The words haunted her. She must gather soils from this world, from Ben’s world, and from the fairy mists. She must mix them together and take root in them in order for her child to be safely born. She did not know how long she had to do this. She did not know when the child would be born. She did not know where. She could not ask another to gather the soils for her, she must do so herself. Ben could not go with her. He could not help her. No one could.
Well, almost no one. There would be the guide chosen by the fairies to direct her on the last two legs of her journey. But who would they send?

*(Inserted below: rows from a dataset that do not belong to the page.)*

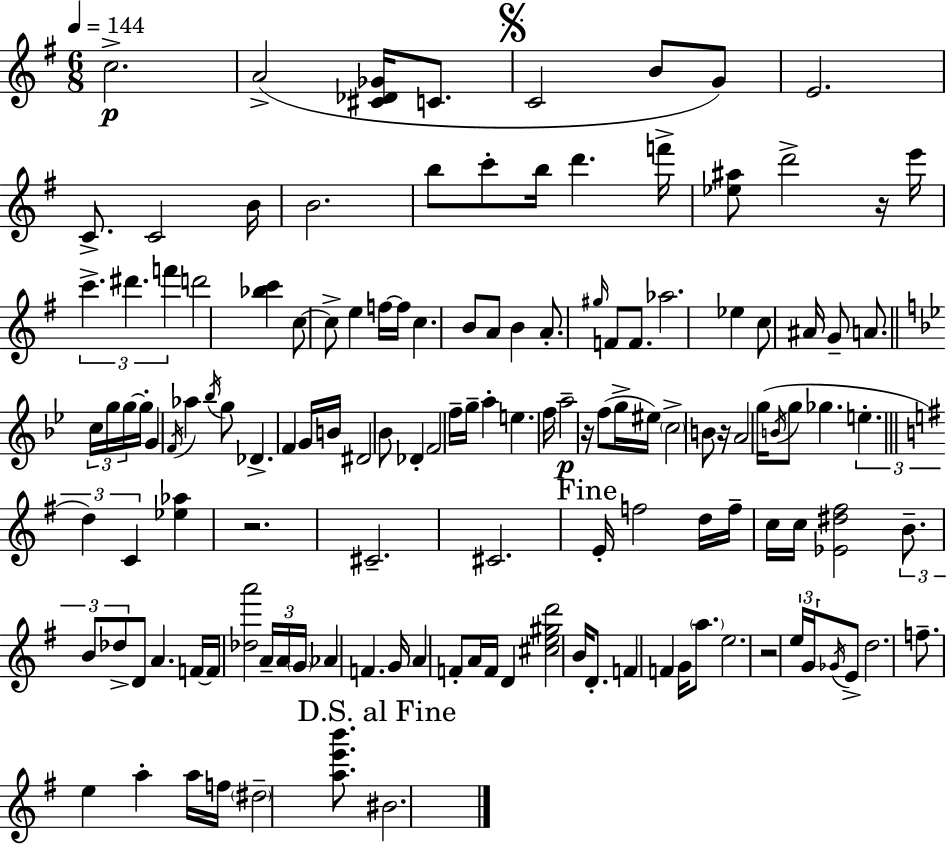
{
  \clef treble
  \numericTimeSignature
  \time 6/8
  \key e \minor
  \tempo 4 = 144
  c''2.->\p | a'2->( <cis' des' ges'>16 c'8. | \mark \markup { \musicglyph "scripts.segno" } c'2 b'8 g'8) | e'2. | \break c'8.-> c'2 b'16 | b'2. | b''8 c'''8-. b''16 d'''4. f'''16-> | <ees'' ais''>8 d'''2-> r16 e'''16 | \break \tuplet 3/2 { c'''4.-> dis'''4. | f'''4 } d'''2 | <bes'' c'''>4 c''8~~ c''8-> e''4 | f''16~~ f''16 c''4. b'8 a'8 | \break b'4 a'8.-. \grace { gis''16 } f'8 f'8. | aes''2. | ees''4 c''8 ais'16 g'8-- a'8. | \bar "||" \break \key bes \major \tuplet 3/2 { c''16 g''16 g''16~~ } g''16-. g'4 \acciaccatura { f'16 } aes''4 | \acciaccatura { bes''16 } g''8 des'4.-> f'4 | g'16 b'16 dis'2 | bes'8 des'4-. f'2 | \break f''16-- g''16-- a''4-. e''4. | f''16 a''2--\p r16 | f''8( g''16-> eis''16) \parenthesize c''2-> | b'8 r16 a'2 g''16( | \break \acciaccatura { b'16 } g''8 ges''4. \tuplet 3/2 { e''4.-. | \bar "||" \break \key e \minor d''4) c'4 } <ees'' aes''>4 | r2. | cis'2.-- | cis'2. | \break \mark "Fine" e'16-. f''2 d''16 f''16-- c''16 | c''16 <ees' dis'' fis''>2 \tuplet 3/2 { b'8.-- | b'8 des''8-> } d'8 a'4. | f'16~~ f'16 <des'' a'''>2 \tuplet 3/2 { a'16-- a'16 | \break \parenthesize g'16 } aes'4 f'4. g'16 | a'4 f'8-. a'16 f'16 d'4 | <cis'' e'' gis'' d'''>2 b'16 d'8.-. | f'4 f'4 g'16 \parenthesize a''8. | \break e''2. | r2 \tuplet 3/2 { e''16 g'16 \acciaccatura { ges'16 } } e'8-> | d''2. | f''8.-- e''4 a''4-. | \break a''16 f''16 \parenthesize dis''2-- <a'' e''' b'''>8. | \mark "D.S. al Fine" bis'2. | \bar "|."
}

She felt cold inside despite the day’s warmth. She had almost died in Ben’s world on her one and only visit, so her memories were not fond ones. The fairy mists were even worse for being an unknown; she was terrified of what might happen to her there. A once-fairy was even more vulnerable to their treachery than a human. The mists could so bewilder you, so erode your reason and strength, and so change you from who and what you were that you would end up completely lost to yourself. The mists brought out the dark fears you kept hidden deep inside yourself, giving them substance, giving them sufficient power to destroy you. Life within the mists was ethereal, a creation of the mind and the imagination. It was magical and ever-changing. Reality was what you created it to be, a bog that could swallow you up without a trace.
Willow’s fear of the fairy world was the heritage bequeathed to her by her ancestors, those who had been fairies once, those who had come out of the mists. Not all of her ancestors had left, of course; some had remained behind, content with their immortality. Some yet lived and were fairies still. At times she could hear their voices in her sleep, in her dreams, calling out to her, urging her to come back to their way of life. It had been hundreds of years since the once-fairy had departed the mists, but the whispered call to return never ceased.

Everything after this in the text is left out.